» Task prompt: Every line of the listing that holds the word "li安全性" should be returned.

[Opening Stored data section]

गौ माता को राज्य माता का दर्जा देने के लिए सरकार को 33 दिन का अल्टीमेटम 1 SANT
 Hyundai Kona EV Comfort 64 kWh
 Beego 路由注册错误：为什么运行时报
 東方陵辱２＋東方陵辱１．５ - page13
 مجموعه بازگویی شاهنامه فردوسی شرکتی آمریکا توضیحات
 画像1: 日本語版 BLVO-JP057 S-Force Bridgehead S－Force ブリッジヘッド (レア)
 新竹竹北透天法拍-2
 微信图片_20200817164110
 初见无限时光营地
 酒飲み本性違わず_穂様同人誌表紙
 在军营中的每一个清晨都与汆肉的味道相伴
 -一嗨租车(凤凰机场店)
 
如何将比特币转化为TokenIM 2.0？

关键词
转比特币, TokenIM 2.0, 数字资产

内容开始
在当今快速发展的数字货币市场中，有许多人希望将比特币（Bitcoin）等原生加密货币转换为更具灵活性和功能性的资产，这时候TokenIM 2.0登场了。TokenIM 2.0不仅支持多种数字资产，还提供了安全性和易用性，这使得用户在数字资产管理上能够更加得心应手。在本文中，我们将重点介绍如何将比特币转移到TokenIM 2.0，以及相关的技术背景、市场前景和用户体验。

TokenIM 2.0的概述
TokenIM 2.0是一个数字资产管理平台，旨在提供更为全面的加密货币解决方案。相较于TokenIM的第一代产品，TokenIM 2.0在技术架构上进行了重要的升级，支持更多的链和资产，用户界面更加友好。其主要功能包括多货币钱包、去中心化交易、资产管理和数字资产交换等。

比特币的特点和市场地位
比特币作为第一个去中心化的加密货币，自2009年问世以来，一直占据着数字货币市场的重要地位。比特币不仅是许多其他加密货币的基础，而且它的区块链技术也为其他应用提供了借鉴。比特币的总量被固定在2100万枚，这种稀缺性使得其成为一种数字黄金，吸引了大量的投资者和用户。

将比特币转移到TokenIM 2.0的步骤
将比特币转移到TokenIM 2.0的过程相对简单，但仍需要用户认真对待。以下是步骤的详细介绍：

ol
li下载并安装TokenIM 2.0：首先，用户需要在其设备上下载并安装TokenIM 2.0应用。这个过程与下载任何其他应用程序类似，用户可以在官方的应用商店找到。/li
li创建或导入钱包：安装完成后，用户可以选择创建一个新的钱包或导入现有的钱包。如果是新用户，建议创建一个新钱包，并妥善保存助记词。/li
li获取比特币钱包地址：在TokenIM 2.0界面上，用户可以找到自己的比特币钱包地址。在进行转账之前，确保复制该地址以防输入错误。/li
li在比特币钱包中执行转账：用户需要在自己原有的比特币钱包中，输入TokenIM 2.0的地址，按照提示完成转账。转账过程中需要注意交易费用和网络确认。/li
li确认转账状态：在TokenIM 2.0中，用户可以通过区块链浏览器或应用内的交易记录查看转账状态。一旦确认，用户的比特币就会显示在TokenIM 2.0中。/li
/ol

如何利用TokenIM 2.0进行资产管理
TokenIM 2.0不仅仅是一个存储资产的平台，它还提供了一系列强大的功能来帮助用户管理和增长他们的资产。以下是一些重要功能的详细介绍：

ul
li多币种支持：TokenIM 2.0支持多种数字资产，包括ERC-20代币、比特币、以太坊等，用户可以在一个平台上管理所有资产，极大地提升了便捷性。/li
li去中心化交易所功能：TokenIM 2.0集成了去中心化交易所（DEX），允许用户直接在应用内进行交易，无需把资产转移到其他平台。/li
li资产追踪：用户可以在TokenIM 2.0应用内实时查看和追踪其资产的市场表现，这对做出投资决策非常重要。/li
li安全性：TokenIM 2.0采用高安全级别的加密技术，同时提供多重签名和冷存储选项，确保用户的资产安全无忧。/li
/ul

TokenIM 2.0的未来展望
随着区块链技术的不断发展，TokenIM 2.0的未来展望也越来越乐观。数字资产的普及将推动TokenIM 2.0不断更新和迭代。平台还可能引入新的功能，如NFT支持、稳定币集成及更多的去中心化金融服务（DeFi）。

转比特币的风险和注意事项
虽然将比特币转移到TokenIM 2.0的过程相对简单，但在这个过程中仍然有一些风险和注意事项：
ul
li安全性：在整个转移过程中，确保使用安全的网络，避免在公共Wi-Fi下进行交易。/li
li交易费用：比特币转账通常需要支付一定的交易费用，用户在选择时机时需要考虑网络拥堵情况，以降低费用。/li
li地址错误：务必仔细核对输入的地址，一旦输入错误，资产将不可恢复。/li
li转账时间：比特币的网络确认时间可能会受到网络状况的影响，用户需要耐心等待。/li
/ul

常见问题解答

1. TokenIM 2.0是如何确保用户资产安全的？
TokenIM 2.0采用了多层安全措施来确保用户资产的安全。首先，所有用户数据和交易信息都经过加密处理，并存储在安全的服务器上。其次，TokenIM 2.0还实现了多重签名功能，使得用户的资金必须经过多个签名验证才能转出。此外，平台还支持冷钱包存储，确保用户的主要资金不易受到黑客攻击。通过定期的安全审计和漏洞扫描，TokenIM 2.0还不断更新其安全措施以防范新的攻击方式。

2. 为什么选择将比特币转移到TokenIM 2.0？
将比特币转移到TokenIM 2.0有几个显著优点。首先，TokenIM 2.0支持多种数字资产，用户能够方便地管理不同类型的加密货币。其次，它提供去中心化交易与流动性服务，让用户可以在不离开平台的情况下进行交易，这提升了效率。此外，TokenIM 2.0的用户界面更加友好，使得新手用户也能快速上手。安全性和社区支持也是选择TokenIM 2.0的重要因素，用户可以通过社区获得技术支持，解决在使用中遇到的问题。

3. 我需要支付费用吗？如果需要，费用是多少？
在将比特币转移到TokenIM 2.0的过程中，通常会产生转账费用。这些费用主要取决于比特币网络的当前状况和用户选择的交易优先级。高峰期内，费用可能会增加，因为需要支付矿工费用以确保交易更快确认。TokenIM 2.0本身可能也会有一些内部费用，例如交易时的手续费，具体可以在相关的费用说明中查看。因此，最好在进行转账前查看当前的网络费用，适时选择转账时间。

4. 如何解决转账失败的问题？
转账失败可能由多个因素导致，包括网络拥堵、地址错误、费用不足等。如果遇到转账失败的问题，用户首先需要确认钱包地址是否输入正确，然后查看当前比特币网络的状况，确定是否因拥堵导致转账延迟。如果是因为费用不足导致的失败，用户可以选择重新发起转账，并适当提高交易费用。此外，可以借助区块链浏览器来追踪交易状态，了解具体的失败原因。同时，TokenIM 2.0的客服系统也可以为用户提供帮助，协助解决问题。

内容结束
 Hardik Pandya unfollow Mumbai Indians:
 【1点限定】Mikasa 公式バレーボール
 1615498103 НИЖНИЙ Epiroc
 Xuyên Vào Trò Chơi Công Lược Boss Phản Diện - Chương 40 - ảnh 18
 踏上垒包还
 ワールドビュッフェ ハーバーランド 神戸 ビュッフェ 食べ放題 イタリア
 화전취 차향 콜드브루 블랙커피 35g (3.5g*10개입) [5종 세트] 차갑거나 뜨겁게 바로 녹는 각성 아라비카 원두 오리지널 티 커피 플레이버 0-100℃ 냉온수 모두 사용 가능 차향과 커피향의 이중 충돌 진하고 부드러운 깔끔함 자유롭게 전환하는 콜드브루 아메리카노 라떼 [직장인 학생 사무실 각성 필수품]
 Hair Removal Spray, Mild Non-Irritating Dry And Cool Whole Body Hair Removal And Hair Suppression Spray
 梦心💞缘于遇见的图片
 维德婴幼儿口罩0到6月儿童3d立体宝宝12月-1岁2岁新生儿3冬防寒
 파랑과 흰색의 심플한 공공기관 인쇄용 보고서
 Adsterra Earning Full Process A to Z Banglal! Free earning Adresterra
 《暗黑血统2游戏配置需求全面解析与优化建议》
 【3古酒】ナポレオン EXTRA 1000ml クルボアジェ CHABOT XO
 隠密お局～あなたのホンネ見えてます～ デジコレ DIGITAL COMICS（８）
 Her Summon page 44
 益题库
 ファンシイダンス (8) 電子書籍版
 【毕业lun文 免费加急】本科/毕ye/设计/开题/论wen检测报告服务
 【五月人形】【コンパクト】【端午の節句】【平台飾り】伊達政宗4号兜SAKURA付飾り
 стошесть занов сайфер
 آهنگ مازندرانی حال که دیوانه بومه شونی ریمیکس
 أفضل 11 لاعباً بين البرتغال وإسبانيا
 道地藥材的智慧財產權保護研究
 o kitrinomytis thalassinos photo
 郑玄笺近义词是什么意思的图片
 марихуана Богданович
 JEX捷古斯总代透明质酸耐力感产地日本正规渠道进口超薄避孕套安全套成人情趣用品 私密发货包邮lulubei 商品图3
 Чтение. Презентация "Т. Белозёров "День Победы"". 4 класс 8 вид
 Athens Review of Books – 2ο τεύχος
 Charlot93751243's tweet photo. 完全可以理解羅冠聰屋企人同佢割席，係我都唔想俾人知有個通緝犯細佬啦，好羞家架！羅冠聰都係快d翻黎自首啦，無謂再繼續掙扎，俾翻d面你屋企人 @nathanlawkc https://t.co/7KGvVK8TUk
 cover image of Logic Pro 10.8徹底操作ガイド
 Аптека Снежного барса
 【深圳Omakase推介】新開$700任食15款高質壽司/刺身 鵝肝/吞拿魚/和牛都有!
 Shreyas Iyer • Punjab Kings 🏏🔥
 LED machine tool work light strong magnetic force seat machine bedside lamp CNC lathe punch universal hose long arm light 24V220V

[Closing Stored data section]

» Reply:
li安全性：TokenIM 2.0采用高安全级别的加密技术，同时提供多重签名和冷存储选项，确保用户的资产安全无忧。/li
li安全性：在整个转移过程中，确保使用安全的网络，避免在公共Wi-Fi下进行交易。/li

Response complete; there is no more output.